The survey – which gathered responses from short-, medium- and long-haul passengers across 27 countries in Europe, Asia, Australasia and Central and South America – found that 83% of travellers would prefer to fly with an airline that offers in-flight broadband, while 78% said they expect onboard connectivity to replace in-flight entertainment systems within five to 10 years.
The majority of passengers also said they would be willing to pay for connectivity. In Europe, 69% said they would pay for in-flight Wi-Fi, in Asia this figure was 67%, and in Latin America it dropped slightly to 64%. This willingness to pay for connectivity applies to short-, medium- and long-haul flights. Also, three-quarters of those surveyed said a reliable connection is more important than speed.

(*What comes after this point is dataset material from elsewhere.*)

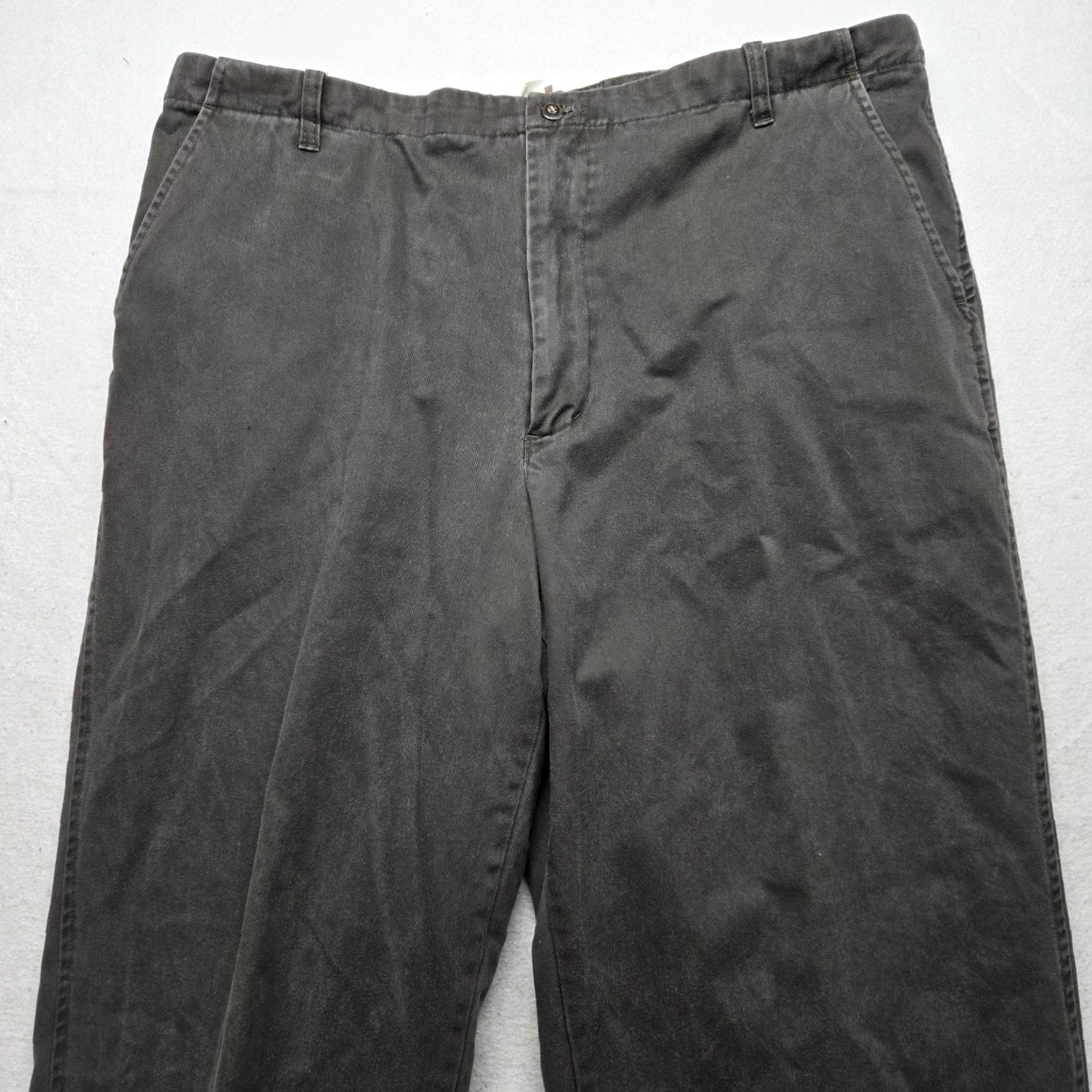 Lee Lee Khakis Chino Pants Gray Classic Fit Adult Men Size 38 x 32 Casual Cotton Spandex Straight Front Vintage No N/A Size US 38 / EU 54 - 2 Thumbnail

Leo Mondale, President of Inmarsat Aviation, said: “Demand for broadband in the sky has reached such unprecedented levels around the world that airlines, as well as those in the business aviation and aircraft lessor markets, need to meet passenger expectations or risk losing out to their competitors.
“Our survey clearly demonstrates that passengers demand a highly reliable service. Quality is the essential ingredient that determines whether or not passengers choose to go online during flights. Airlines are therefore under pressure to select the right partner to support them in delivering a reliable and cost effective service.”